**Data extract:**
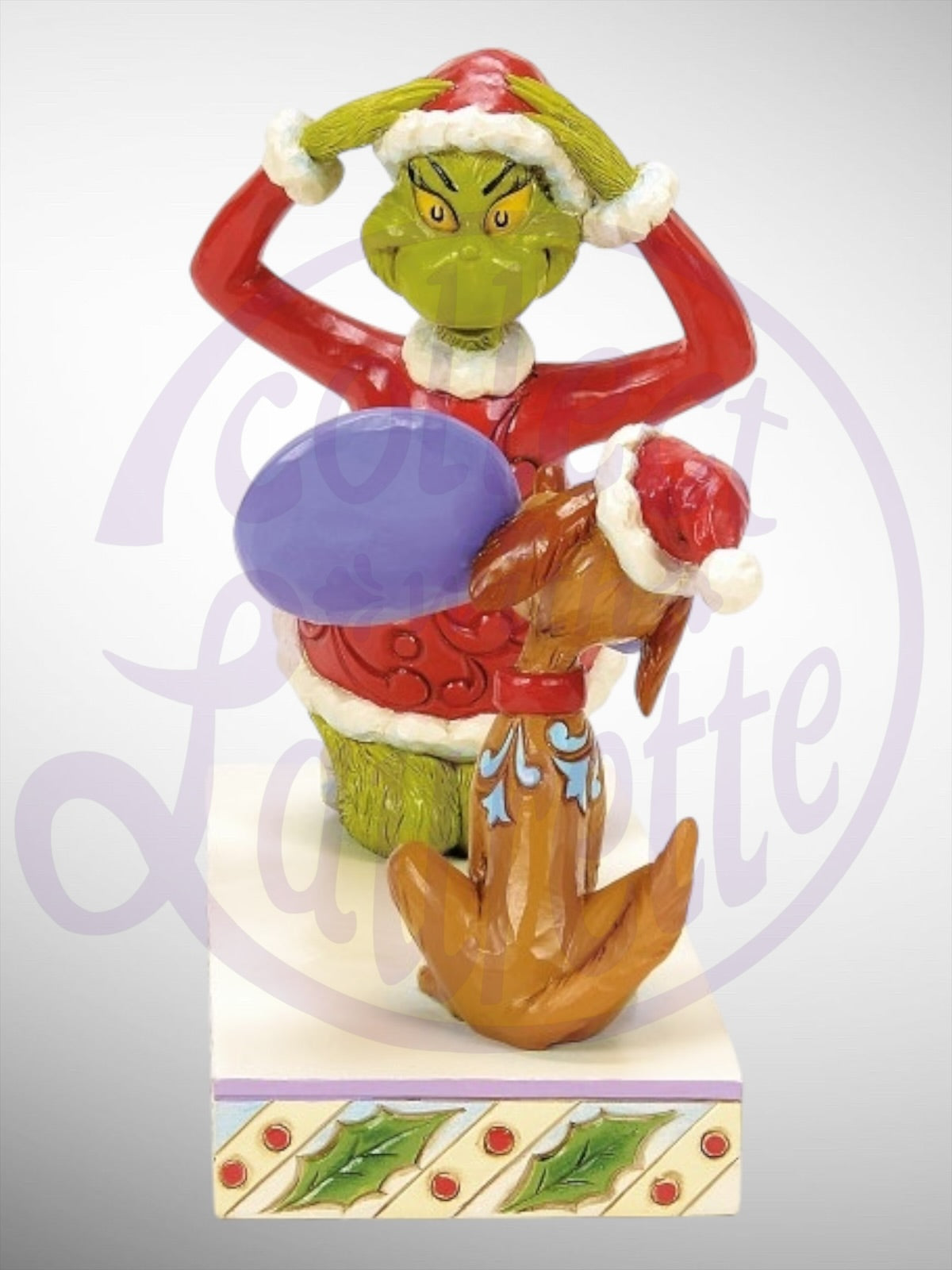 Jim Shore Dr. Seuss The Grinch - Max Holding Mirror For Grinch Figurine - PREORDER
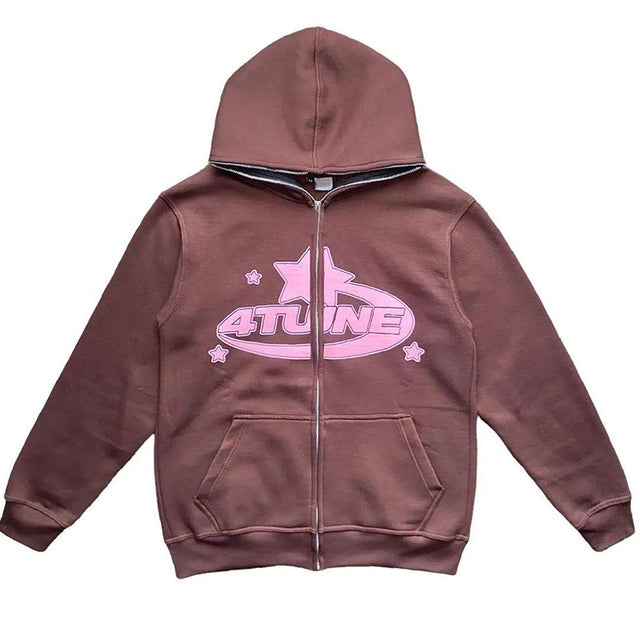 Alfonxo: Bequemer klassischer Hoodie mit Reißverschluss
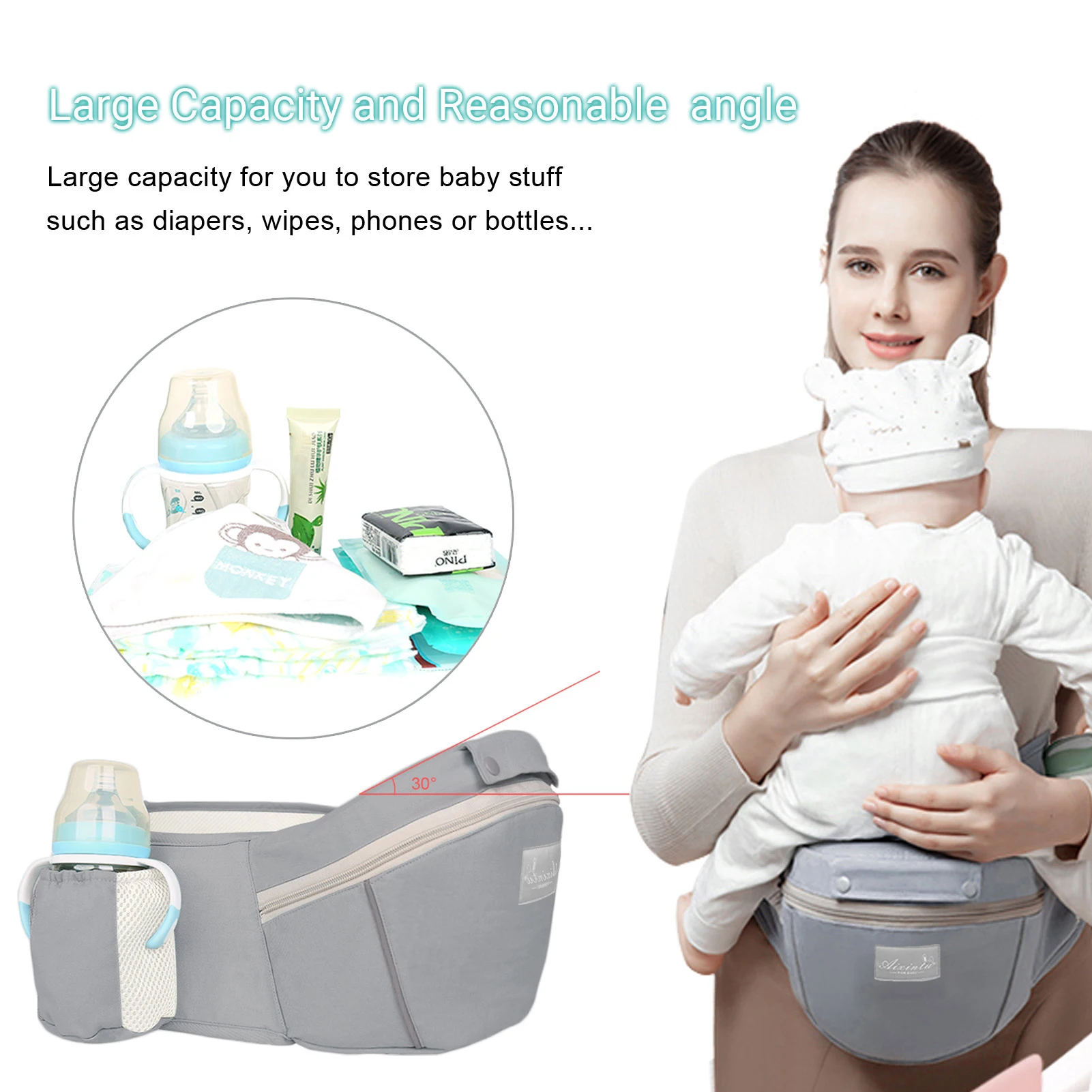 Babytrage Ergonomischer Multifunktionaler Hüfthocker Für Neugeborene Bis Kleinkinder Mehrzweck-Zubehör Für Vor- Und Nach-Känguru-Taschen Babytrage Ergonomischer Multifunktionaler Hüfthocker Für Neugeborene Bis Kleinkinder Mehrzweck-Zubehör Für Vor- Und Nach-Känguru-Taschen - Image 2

**Work required:** Nothing but the lines from the beginning of the material above through the line containing "Alfonxo: Bequemer klassischer" should appear in the answer, copied exactly and free of pictures.

**Result for this task:**
 Jim Shore Dr. Seuss The Grinch - Max Holding Mirror For Grinch Figurine - PREORDER
 Alfonxo: Bequemer klassischer Hoodie mit Reißverschluss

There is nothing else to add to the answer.